Servidor do Ipea (Instituto de Pesquisa Econômica Aplicada), órgão
ligado à Presidência da República, ele participou e continua
participando decisivamente dos desenhos de programas sociais pensados
tanto por governos tucanos quanto petistas -Bolsa Família incluso. Hoje,
está na Secretaria de Assuntos Estratégicos da presidente Dilma
Rousseff.
Em entrevista à Folha, Paes de Barros defende o que ajudou a
construir, sem no entanto deixar de problematizar o estabelecimento de
linhas de miséria e o não reajuste delas.
Em fevereiro, o governo anunciou um complemento de renda para que os
últimos 2,5 milhões de inscritos no Cadastro Único (banco de dados de
famílias de baixa renda) com renda mensal abaixo de R$ 70 -considerada a
linha da miséria- saiam da extrema pobreza. A seguir, trechos da
entrevista.
Folha - Em que medida o fim da pobreza no cadastro reflete a erradicação da pobreza real?
Ricardo Paes de Barros - A pobreza é um negócio dinâmico. É como o
desemprego: tem uma entrada a todo o momento e uma saída da pobreza a
todo o momento.
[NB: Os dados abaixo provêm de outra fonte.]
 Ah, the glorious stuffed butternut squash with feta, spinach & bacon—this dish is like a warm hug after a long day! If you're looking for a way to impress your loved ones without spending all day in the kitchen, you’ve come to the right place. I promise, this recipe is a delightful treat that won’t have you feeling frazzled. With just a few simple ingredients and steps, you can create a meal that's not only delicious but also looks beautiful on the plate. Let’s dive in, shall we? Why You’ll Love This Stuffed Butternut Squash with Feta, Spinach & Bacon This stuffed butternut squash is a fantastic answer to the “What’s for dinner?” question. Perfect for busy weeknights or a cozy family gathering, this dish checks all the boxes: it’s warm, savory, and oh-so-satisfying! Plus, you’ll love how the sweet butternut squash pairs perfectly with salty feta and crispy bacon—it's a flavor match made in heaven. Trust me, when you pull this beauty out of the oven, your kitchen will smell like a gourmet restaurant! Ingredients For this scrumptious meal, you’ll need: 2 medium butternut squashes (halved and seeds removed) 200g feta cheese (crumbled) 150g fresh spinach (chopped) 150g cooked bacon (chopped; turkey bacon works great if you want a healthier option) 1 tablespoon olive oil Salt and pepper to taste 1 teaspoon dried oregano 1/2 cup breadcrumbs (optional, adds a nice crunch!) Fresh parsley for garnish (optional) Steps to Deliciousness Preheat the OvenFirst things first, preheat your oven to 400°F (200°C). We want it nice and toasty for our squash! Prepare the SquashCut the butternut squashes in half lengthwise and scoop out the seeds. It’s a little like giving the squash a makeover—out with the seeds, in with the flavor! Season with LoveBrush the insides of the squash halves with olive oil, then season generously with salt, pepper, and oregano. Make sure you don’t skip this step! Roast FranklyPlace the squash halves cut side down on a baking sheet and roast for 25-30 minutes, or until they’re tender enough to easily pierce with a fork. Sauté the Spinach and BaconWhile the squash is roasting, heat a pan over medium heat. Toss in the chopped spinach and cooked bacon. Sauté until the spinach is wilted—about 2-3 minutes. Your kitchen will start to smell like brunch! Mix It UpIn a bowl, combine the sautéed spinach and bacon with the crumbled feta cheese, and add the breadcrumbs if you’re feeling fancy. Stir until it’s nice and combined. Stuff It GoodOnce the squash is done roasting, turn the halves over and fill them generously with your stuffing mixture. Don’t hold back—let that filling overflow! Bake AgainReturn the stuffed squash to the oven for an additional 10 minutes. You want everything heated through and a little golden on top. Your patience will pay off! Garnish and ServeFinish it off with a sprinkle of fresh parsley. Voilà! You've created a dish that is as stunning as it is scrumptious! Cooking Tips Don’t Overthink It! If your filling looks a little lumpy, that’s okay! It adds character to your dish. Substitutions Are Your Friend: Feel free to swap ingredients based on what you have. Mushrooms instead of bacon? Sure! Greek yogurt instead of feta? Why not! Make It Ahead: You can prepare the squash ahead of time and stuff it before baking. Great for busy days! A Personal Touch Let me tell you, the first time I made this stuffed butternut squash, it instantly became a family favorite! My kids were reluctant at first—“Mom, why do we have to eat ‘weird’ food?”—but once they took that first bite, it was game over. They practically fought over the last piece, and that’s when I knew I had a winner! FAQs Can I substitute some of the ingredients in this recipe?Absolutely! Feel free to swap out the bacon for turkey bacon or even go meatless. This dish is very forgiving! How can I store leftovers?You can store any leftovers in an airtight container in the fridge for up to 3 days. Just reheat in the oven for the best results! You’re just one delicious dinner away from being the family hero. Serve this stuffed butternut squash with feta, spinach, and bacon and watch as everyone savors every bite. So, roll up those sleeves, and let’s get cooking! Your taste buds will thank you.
Não há nenhum país do mundo que possa dizer: "Hoje, eu
não tenho nenhum pobre", porque sempre vai ter alguém que acabou de se
separar, perder o emprego, ficar doente.
Qual a dimensão histórica do anúncio da semana passada?
Essa é mais uma medida numa sequência e não vai ser a última. Porque a
pobreza, extrema pobreza, e várias outras questões sociais, vão
perturbar a sociedade brasileira o tempo todo. Se vencermos essa pobreza
estrutural, teremos agora que partir para essa pobreza mais volátil.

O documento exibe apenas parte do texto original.